Dal Ricordino conservato dalla TESTIMONE della Memoria Estelia Bacino rileviamo, da quanto riportato dallo storico Tipografo neivese, Abaldo che Nando si comportò eroicamente anche sotto un bombardamento. Sia pur ferito, caricò sulle spalle il più grave suo superiore e raggiunse    l'  Ospedale per fargli prestare le cure di cui necessitava. La propria ferita, a causa del grande sforzo effettuato nel trasportare l'amico, gli procurò il dissanguamento che lo condusse alla morte. Fu sepolto nel Cimitero di Clausthal Zellerfeld e tuttora le sue spoglie riposano lì. Papá Stefano e mamma Margherita raggiunsero i loro due figli   dopo una lunga vita di lavoro e senza neppure,a quanto ci risulta, la consolazione di una decorazione di  riconoscimento per il loro figliolo che sacrificò la vita in guerra.
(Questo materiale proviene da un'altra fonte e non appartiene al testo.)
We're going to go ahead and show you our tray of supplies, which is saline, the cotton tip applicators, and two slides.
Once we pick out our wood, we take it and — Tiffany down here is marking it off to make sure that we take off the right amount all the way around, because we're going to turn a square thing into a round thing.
Lo Onoriamo con un RICORDO FORTE e gli dedicheremo una PIETRA DELLA MEMORIA affinché non si Dimentichi! RIPOSA IN PACE FERDINANDO CON TUA MAMMA PAPA' E SORELLA.

 

 

STORIA DEL 1° RGT "CAVALLERIA NIZZA"

.................Nel corso del secondo conflitto mondiale il reggimento ha operato sul fronte occidentale, in Jugoslavia e Francia, alcune sue aliquote in Tunisia. Nel 1942 il reggimento con i due gruppi squadroni montati a cavallo, facente parte della 2ª Divisione celere "Emanuele Filiberto Testa di Ferro", venne inviato quale truppa di occupazione in Francia. Il III Gruppo corazzato venne invece inviato in Nordafrica inquadrato nella divisione corazzata "Ariete". Nei mesi successivi alla sconfitta di El Alamein, il III Gruppo corazzato "Nizza" svolse anch'esso insieme alle unità motorizzate superstiti e a quelle nel frattempo affluite dall’Italia, compiti di protezione del ripiegamento delle fanterie verso la Tunisia, dove ha combattuto il 3 febbraio 1943 a Bir Soltane ed a Ksane Rhilane e nuovamente a Bir Soltane tra il 10 e il 20 marzo affrontando da solo l'attacco di una colonna neozelandese sino a quando, investito da ingenti forze corazzate, fu costretto a ripiegare.
Il Reggimento sorpreso dall'armistizio, mentre era in trasferimento sempre a cavallo dalla Francia verso l'Italia, fatto rientrare nella caserma di Torino su ordine del Comando di Piazza, viene catturato dai tedeschi.  Il IV Gruppo squadroni corazzato "Nizza", basato su due Squadroni misti, uno armato con carri leggeri L6/40 l'altro con autoblinde AB41 operò invece in Albania. Alla fine del 1943 viene costituito a Cava dei Tirreni lo Squadrone esplorante "Nizza Cavalleria" che prese parte, nel giugno del 1944, con il IX reparto d'assalto, alla liberazione dell'abitato di Cingoli, partecipando poi alla campagna per la liberazione dell'Italia, inquadrato nell'8ª Armata alleata, con il II Corpo polacco del generale Anders.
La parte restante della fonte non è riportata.